--- START ---

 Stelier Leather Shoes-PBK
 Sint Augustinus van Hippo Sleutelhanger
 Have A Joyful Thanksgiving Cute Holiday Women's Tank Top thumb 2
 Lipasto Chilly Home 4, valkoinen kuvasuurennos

--- END ---
--- START ---

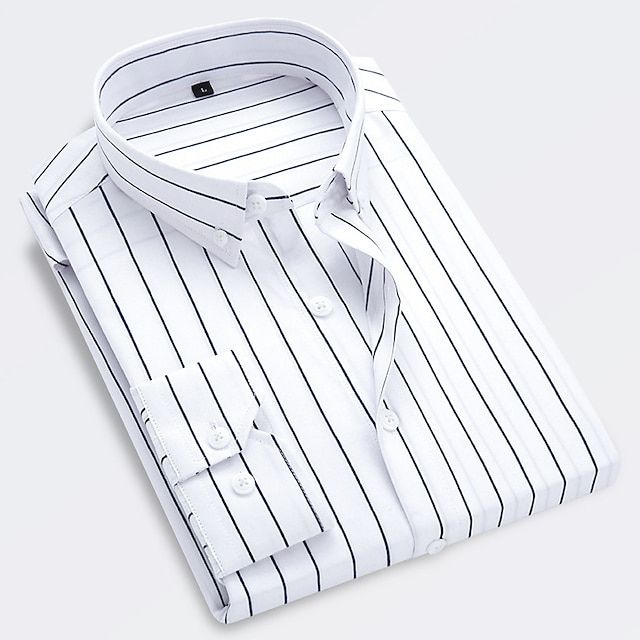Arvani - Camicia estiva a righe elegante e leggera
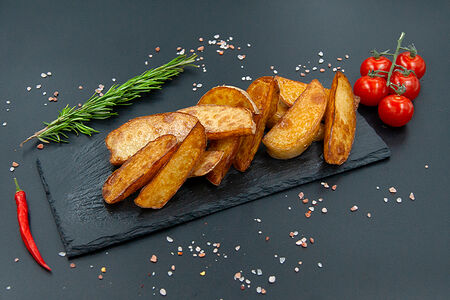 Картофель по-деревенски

--- END ---
--- START ---

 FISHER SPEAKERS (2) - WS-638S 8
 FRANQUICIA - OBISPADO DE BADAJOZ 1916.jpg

--- END ---

From the material above, retype precisely the lines between the line holding "FISHER SPEAKERS (2) - WS-638S 8" and the line holding "FRANQUICIA - OBISPADO DE BADAJOZ 1916.jpg", inclusive, and nothing beyond them.

#### OUTPUT FOR THIS EXERCISE
 FISHER SPEAKERS (2) - WS-638S 8
 FRANQUICIA - OBISPADO DE BADAJOZ 1916.jpg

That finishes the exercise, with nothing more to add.